緋田 美琴 STEP 感想
いつもならば感想はふせったーにするのですが、メンテ中とのこと。
字詰めしかないnoteに抵抗も感じつつ、ふせったーと同じノリで書きましょう
まずは要点
・あるはずだと思っていた決定的な決裂
・見え隠れしていた最初の傲慢、未熟さ
・にちかへ、あるいは283プロの誰かへの類似性
などとだらだら書いていきます
緋田美琴というアイドルの過去は、非常に謎が多いものになっています。ことSHHis、ないしはルカという283プロの内情を絡めた展開が多いコミュの中にあって、確かに情報自体は細々出てはいても、彼女の過ごした長い時間を埋めるには至っていませんでした。
例をとって言えば、彼女がもとはアイドル志望ではなく、歌手志望だったこと、幼少期にピアノを嗜んでいたこと、14歳で上京したことなどはわかっていても、ではピアノから歌に方針を変えたのはいつごろ?なぜそこで上京を選んだ?14歳で上京した時、学業しながらレッスンもしてたらしいが、どこで生活していたのか?そのころから住居を貸してくれる事務所にいたのか?あるいは親戚か?4歳差のルカとはいつであった?など、ところどころに突っ込める。
アイドルの過去を描くSTEPでは、かつてその近辺が非常によく描写されたことのある一部のアイドルを除いては「プロデューサーに出会う近辺」が軸として描写されています。ということで、上京事情の話はないのだろうというのは感じていたところ。しかし、こっちはこっちで謎だらけなのが美琴でした。
まずもって美琴は283プロに来る前からアイドルであり、前の事務所をやめて移籍のような形でプロデューサーと出会うアイドルです。まずこの点。WINGコミュなど、初期の美琴の姿を見ると感じることに、まず頑なな姿勢があるでしょう。同様に初期のコミュでは「自分にもガタがくる」のような諦観に近いものの覗かせてはいるのですが、「死ぬほど」の言葉に代表されるような、理想への強い想いと執拗にレッスンを繰り返す姿勢は何とも固く見えるものです。
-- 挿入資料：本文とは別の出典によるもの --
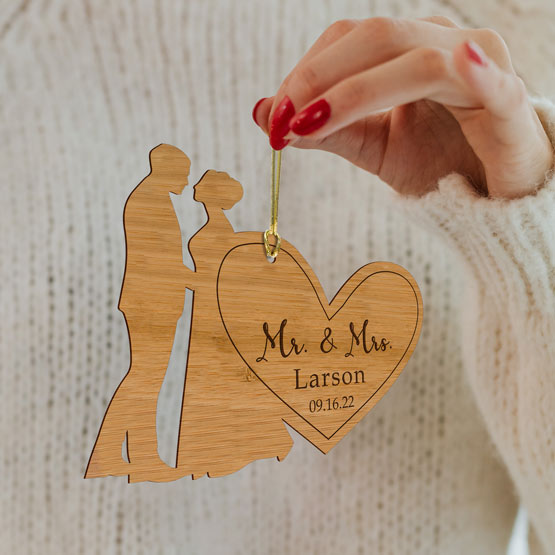 Woman Hand Holding Custom Bamboo Ornament With Couple Cutout On Heart Shape Engraved With Married Titles And Name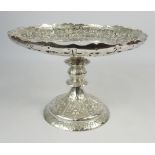 Victorian silver Comport, the raised border chased and embossed with fruit and stylised leaves,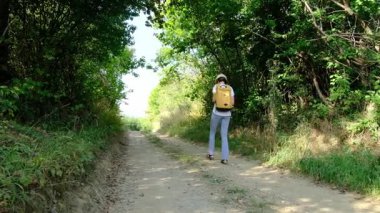 Kırsal alanlarda yürüyüş yapan bir kadın, açık araziler, temiz hava ve huzurlu kırsal manzarayla çevrili. Açık havanın doğal güzelliğini ve sükunetini seviyor..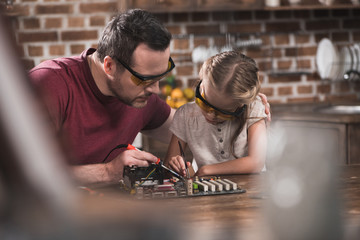 Father teaching daughter to braze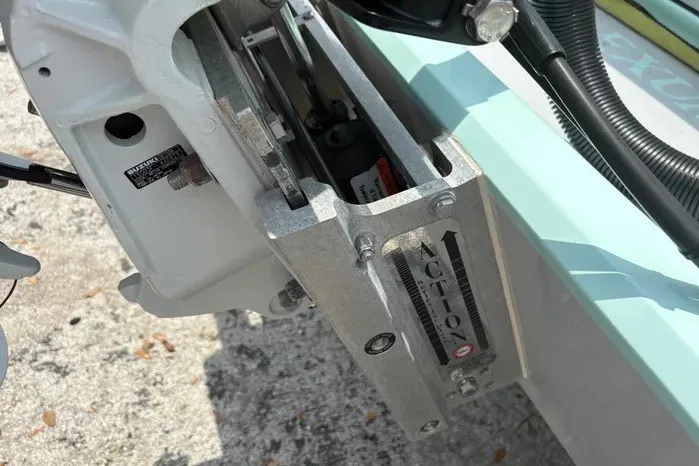Slide: The Image of Close-up of 2024 Exuma 22 boat motor mount with visible adjustment mechanism. - 29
そんな美琴がWINGで過去を語るシーンでは、このようなことを語っています。「ルカと共にデビューし、CDも出したが、結局なりたいアイドルにはなれなかった」と。少し引っかかる発言ではあります。事実としてCDは出たものの売れるのはルカだけ、という上京はあり、彼女は移籍して「その時」とは切り離されているので、間違いを言っているわけではありません。ですが、彼女は自分の理想のため、あるいは焦りや不安と戦うためにひたすらにレッスンに打ち込んでいました。それは自分より技量で劣りながらも「推せる」アイドルの存在を知っていながらも、です。
では、なぜ彼女はわざわざ移籍したのか。「仕事がないなら、なりたいアイドルになりたいなら、ひたすらレッスンする」そんな姿勢が保てるのであれば、事務所が変わることに大きな意味はないでしょう。彼女がWING内で表向きルカに冷たい態度を取ったように見えた時点では「何かしらルカとトラブルがあったのではないか」とも疑え、しかし当時のことや今の美琴の気持ちが感謝祭などで段々とわかるにつれ、ルカは「移籍のきっかけになるくらいのトラブルを抱えた相手」のようには見えてこなくなります。では、相対的に美琴とルカを引き裂いてしまったといえる元事務所の方か?というと、この時の美琴やノーカラットでにちかが売れていく光景を「見たことがある」といい、その後も取り立てて表に出すほど気に病んでいる様子もなかった彼女が、単にルカを優遇されているだけで移籍まで決意するとは思えません。現ににちかが売れて仕事にかかりきりになった時は、一人で黙々と感謝祭の準備と練習の完成度を上げていましたし、喜ばしくはなくとも強い感情を呼び起こしてはいなさそうでした。
と、いったところで、そんな美琴をして単に状況や環境の原因以上に「ここではなれない」と思うレベルの話が前の事務所ではあった、というようなことを考えていました。わかりやすいのは「方向性の変更(キャラ売りなど)を強いられる」「引退を進められる」など、直接的に彼女の理想を阻むことでしょう。理想に対して頑なだった彼女は、逆にいうと理想を目指せる場があるならそのまま進んでいた可能性もあるのですから。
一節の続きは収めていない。